Supplied information ->
╔══

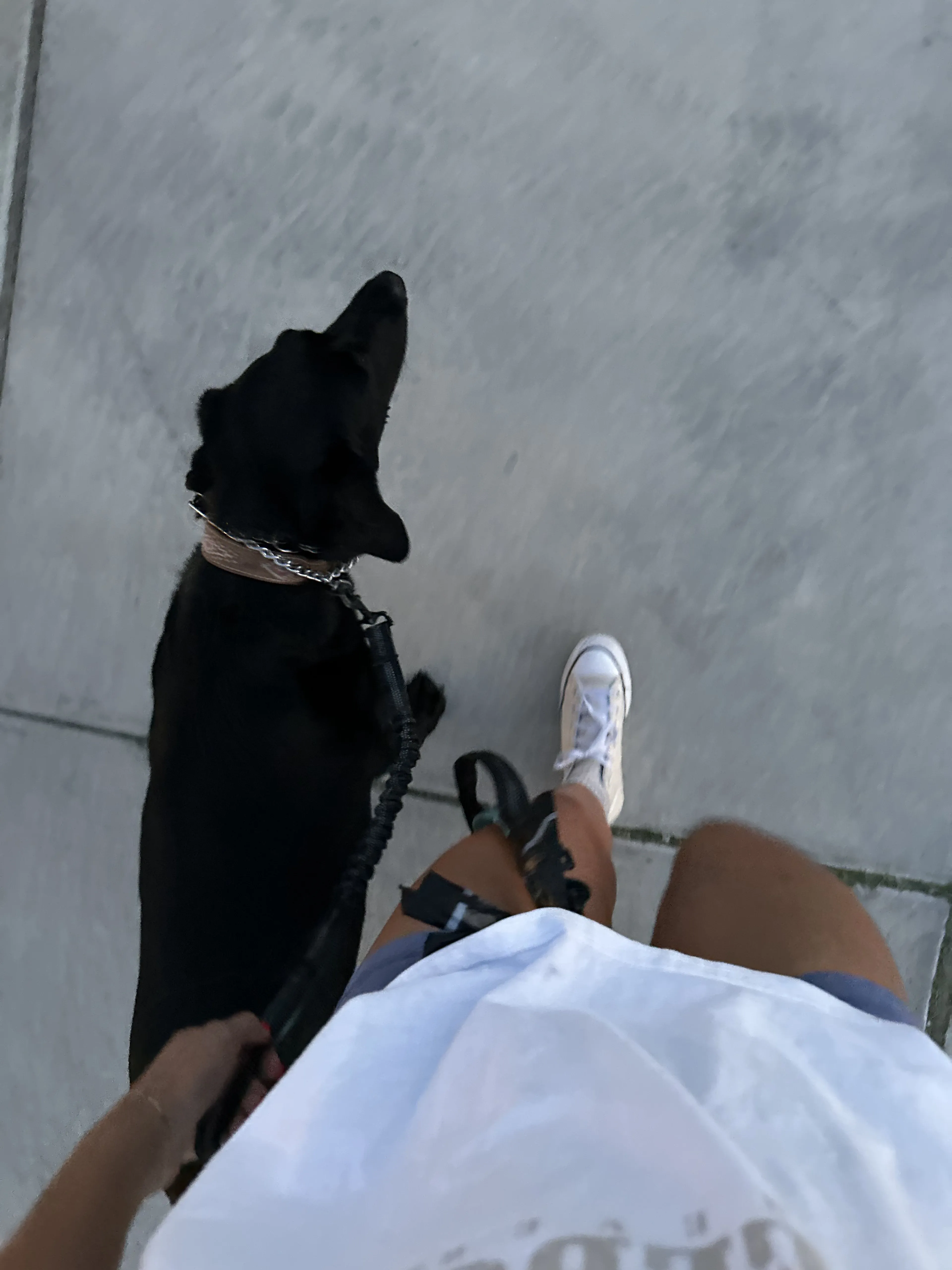 Lost pet-0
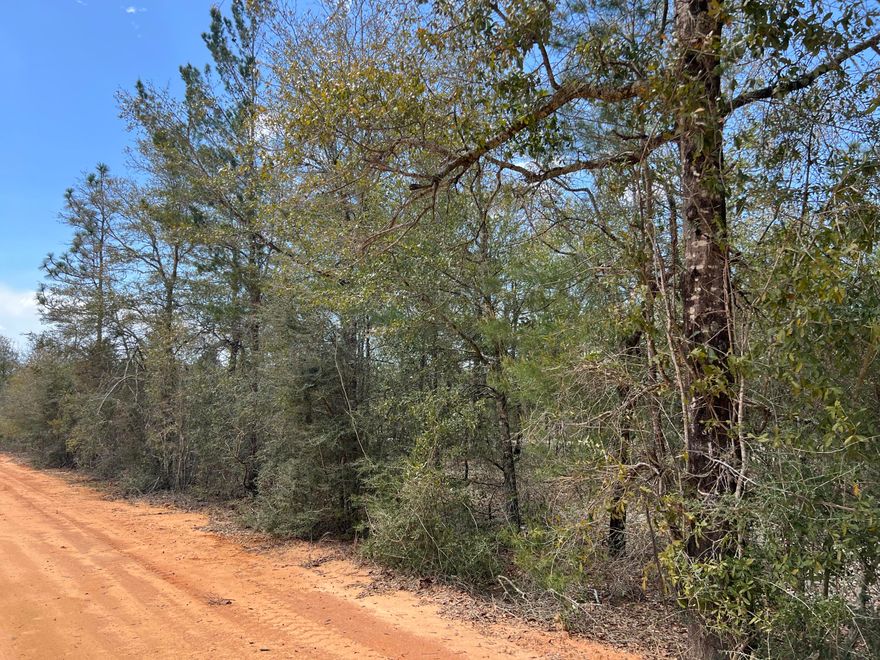 Discover the potential of this 4-acre parcel nestled in a residentially zoned area, perfect for those dreaming of crafting their own home. This level, wooded lot is an ideal canvas for either a custom home or a manufactured home.  With its location on a county-maintained road, you'll enjoy easy access throughout the year, while being just a short drive from town amenities.  Embrace the chance to create a space that truly reflects your style in this inviting environment.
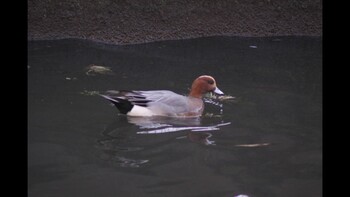 Eurasian Wigeon 田尻町 Unknown Date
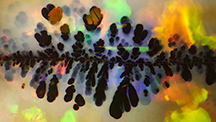 Photomicrograph of black manganese oxide “plumes” in an Australian opal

╚══

Task directions -> All that the answer may contain is the exact text of the lines from the one with "Eurasian Wigeon 田尻町 Unknown Date" through the last line of the material, pictures excluded.

Result for this task ->
 Eurasian Wigeon 田尻町 Unknown Date
 Photomicrograph of black manganese oxide “plumes” in an Australian opal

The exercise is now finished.